Fr. Hugh Thwaites and the Rosary

The English priest, Fr. Hugh Thwaites, died in 2012 at the age of ninety-five. The headline of his obituary summarizes what Fr. Thwaites had come to believe after seeing the Church in decline following the Second Vatican Council, it reads:

“Priest who said the future of the Church rested on the family rosary dies aged 95” 

I am going to post the full text of Fr. Thwaites’s obituary, followed by a link to a talk he gave on the Rosary, followed by another link to an account by a priest who knew him.
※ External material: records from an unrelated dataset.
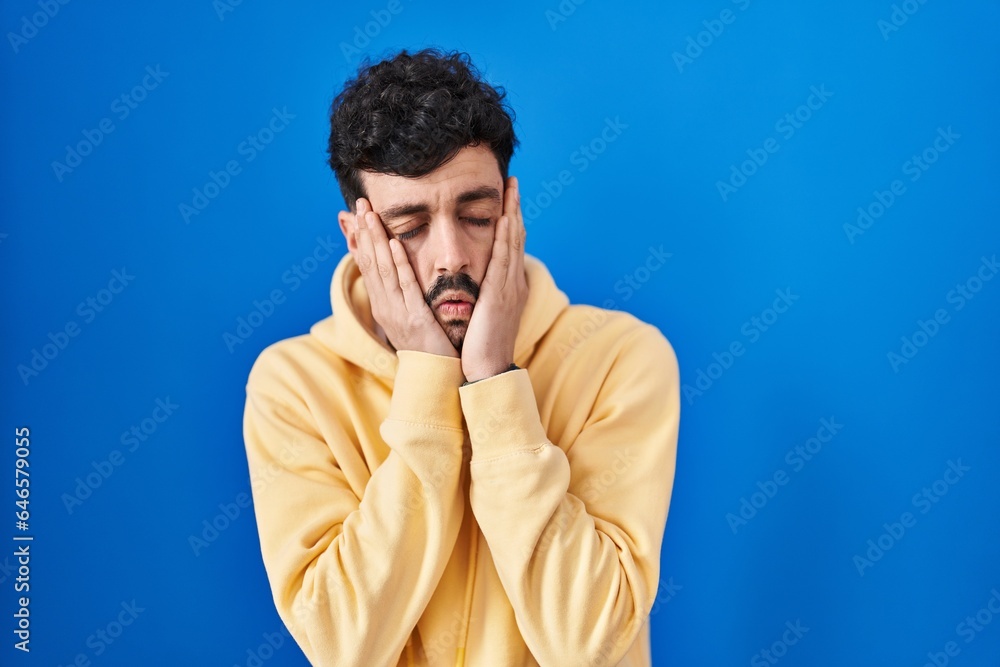 Hispanic man standing over blue background tired hands covering face, depression and sadness, upset and irritated for problem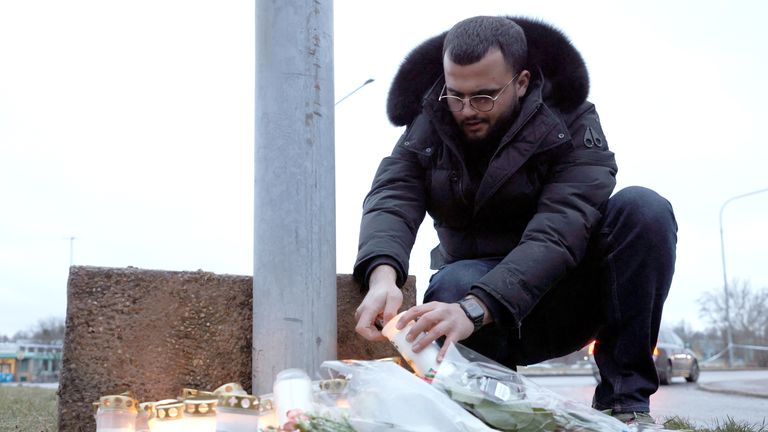 A man lights a candle near the Campus Risbergska school, following a deadly shooting attack at the adult education center in Orebro, Sweden, February 5, 2025. REUTERS/Kuba Stezycki.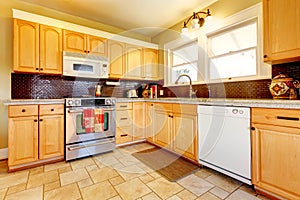 Light tones wood kitchen with brick backsplash design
There are numerous recorded talks given by Fr. Thwaites (on the internet) on all sorts of subjects pertaining to Catholic life. He had a knack for explaining the Faith in clear and simple terms, and his voice transmits a calm assurance. I have read people on the internet stating that they play his talks before going to bed, because his voice calms. 

Here is the text of his obituary:

A Jesuit priest who inspired Catholics across the country (England, added by SF) has died at the age of 95.

Fr Hugh Thwaites converted from Anglicanism to Catholicism following his experience as a prisoner of the Japanese during the Second World War and later became a Jesuit priest.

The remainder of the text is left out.